Hari demi hari dilalui ibu mengasuh anak-anaknya. Pengasuhan yang tidak bisa digantikan orang lain. Mendidik mereka, menjadikannya sosok manusia yang bertakwa kepada Allah. Memastikan sang anak terpenuhi kebutuhan materi dan rohaninya. Jalan yang ditempuh pun tak semulus kisah-kisah sinetron yang berakhir bahagia. Ibu menelan pil pahit kehidupan, menyimpan air matanya, di depan senyum anak-anaknya.
Adakalanya perbuatan anak-anak yang melukai hati ibu. Namun hati seorang ibu tetaplah seluas samudera. Membuka pintu maaf lebar-lebar. Rasa kecewa ibu pada anak tak akan bertahan lama, sebab rasa cinta yang begitu besar.

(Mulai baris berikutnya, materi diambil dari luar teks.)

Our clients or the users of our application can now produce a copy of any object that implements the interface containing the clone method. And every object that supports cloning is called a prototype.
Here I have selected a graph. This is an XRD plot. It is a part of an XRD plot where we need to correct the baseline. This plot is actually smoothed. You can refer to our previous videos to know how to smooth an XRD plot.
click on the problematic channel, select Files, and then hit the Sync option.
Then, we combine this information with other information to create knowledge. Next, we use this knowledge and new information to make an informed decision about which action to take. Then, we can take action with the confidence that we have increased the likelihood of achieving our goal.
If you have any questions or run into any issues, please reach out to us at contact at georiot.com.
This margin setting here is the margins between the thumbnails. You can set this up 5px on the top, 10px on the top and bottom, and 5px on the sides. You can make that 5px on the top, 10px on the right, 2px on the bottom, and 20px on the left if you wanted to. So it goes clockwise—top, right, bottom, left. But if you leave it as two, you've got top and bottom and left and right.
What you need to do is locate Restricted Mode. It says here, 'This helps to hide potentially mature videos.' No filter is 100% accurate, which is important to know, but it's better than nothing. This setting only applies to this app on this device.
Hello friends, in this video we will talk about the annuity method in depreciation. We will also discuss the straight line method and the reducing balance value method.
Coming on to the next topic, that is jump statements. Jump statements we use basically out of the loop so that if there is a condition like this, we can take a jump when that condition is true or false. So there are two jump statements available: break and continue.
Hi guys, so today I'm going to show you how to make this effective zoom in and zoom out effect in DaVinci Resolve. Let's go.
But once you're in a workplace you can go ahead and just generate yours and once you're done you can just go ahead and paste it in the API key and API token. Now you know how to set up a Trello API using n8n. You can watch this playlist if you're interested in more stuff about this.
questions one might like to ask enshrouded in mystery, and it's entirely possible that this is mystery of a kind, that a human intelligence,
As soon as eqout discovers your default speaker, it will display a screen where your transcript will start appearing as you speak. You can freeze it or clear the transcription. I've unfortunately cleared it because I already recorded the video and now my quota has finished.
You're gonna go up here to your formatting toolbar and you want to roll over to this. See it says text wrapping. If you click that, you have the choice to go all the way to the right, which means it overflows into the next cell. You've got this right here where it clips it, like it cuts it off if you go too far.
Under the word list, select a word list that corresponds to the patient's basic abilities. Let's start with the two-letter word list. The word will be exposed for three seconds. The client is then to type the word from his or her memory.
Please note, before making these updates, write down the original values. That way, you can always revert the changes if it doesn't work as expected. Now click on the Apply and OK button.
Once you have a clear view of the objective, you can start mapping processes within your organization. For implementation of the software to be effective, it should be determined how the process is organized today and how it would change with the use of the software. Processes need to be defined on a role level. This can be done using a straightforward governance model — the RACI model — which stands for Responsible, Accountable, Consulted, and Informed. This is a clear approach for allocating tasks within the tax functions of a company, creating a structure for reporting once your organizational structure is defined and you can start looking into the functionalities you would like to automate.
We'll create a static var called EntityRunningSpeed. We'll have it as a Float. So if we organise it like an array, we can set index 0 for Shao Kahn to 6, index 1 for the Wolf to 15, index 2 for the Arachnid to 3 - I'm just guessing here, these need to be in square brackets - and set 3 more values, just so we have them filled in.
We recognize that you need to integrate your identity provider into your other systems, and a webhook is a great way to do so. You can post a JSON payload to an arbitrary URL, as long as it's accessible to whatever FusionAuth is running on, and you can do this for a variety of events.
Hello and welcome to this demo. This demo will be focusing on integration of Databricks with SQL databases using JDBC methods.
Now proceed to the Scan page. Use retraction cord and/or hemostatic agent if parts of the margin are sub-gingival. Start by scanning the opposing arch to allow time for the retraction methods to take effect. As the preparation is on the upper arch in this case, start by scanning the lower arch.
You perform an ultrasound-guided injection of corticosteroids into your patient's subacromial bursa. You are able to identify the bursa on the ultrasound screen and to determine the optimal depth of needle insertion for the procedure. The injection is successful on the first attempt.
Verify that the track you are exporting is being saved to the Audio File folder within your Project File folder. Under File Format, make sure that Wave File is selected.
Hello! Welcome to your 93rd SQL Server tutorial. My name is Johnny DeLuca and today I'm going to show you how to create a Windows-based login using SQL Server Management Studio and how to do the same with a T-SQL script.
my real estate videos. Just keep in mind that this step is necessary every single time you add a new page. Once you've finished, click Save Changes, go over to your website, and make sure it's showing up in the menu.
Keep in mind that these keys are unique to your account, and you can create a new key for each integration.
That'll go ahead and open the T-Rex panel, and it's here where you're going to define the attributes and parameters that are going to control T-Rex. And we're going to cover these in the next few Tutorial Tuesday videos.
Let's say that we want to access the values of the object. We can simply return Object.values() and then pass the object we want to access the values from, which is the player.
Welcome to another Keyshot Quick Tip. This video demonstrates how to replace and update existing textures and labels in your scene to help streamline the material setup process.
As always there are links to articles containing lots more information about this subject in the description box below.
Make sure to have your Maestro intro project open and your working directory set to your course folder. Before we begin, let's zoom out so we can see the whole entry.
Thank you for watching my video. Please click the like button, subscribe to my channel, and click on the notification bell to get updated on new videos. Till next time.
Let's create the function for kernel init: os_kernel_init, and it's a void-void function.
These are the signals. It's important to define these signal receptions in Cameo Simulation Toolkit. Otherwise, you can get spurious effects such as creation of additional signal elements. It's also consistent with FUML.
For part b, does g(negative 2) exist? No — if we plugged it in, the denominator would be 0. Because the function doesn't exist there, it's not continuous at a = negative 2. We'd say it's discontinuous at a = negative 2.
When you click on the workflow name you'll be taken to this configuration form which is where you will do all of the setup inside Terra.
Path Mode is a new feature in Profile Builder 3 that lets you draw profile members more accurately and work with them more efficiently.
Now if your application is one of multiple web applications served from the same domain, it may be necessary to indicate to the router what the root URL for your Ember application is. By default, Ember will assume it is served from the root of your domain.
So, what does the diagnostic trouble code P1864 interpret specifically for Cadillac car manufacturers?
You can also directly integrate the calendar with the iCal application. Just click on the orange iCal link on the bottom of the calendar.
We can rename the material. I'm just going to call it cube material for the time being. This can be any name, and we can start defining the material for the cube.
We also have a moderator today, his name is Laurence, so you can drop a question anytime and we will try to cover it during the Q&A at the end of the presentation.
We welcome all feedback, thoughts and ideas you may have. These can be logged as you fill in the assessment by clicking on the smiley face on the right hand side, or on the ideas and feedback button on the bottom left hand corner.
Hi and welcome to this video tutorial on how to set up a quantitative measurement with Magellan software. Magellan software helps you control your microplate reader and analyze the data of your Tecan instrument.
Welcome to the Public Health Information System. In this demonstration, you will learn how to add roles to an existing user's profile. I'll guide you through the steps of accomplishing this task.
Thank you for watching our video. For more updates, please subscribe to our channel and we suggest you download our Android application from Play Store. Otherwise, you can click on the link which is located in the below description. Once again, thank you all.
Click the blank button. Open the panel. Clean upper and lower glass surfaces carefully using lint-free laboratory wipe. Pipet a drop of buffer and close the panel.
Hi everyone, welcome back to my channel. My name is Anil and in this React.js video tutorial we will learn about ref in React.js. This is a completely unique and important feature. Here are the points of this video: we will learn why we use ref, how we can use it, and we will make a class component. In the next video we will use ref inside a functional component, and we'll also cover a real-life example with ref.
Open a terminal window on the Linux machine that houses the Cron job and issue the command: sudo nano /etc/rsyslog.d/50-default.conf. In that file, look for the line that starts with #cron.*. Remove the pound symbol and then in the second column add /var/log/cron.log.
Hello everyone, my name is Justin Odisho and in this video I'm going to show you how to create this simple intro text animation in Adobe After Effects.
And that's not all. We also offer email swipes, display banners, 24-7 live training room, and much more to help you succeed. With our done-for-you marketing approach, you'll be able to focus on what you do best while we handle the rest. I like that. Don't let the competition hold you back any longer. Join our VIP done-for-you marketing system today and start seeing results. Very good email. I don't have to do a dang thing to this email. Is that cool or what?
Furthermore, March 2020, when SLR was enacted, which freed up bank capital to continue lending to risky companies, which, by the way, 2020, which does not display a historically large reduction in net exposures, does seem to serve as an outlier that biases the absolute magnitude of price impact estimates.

Dalam kitabnya Al-Kabair, Imam Adz-Dzahabi menjelaskan, “Ibumu telah mengandungmu di dalam perutnya selama sembilan bulan, seolah-olah sembilan tahun. Dia bersusah payah ketika melahirkanmu yang hampir saja menghilangkan nyawanya. Dan dia telah menyusuimu, dan ia hilangkan rasa mengantuknya karena menjagamu. Dan dia cuci kotoranmu dengan tangan kanannya, dia utamakan dirimu atas dirinya serta atas makanannya. Dia jadikan pangkuannya sebagai ayunan bagimu. Dia telah memberikanmu semua kebaikan dan apabila kamu sakit atau mengeluh, tampak darinya kesusahan yang luar biasa dan panjang sekali kesedihannya, dan dia keluarkan harta untuk membayar dokter yang mengobatimu, dan seandainya dipilih antara hidupmu dan kematiannya, maka dia akan meminta supaya kamu hidup dengan suara yang paling keras.”
Ibu di mata Islam
Islam menempatkan ibu sebagai Al-ummu madrasah al-ula (ibu adalah sekolah pertama bagi anak-anaknya). Ibu tak hanya sebagai sekolah pertama bagi anak-anaknya, tetapi ibu menjadi sekolah utama. Dari didikan ibu, lahir anak-anak cerdas, shalih, pemberani, memiliki akhlak yang baik. Menjadi mukmin sejati. Dari balik seorang pemimpin yang adil, ulama yang mukhlis, ilmuwan yang cerdas, ada campur tangan seorang ibu yang menyiapkannya.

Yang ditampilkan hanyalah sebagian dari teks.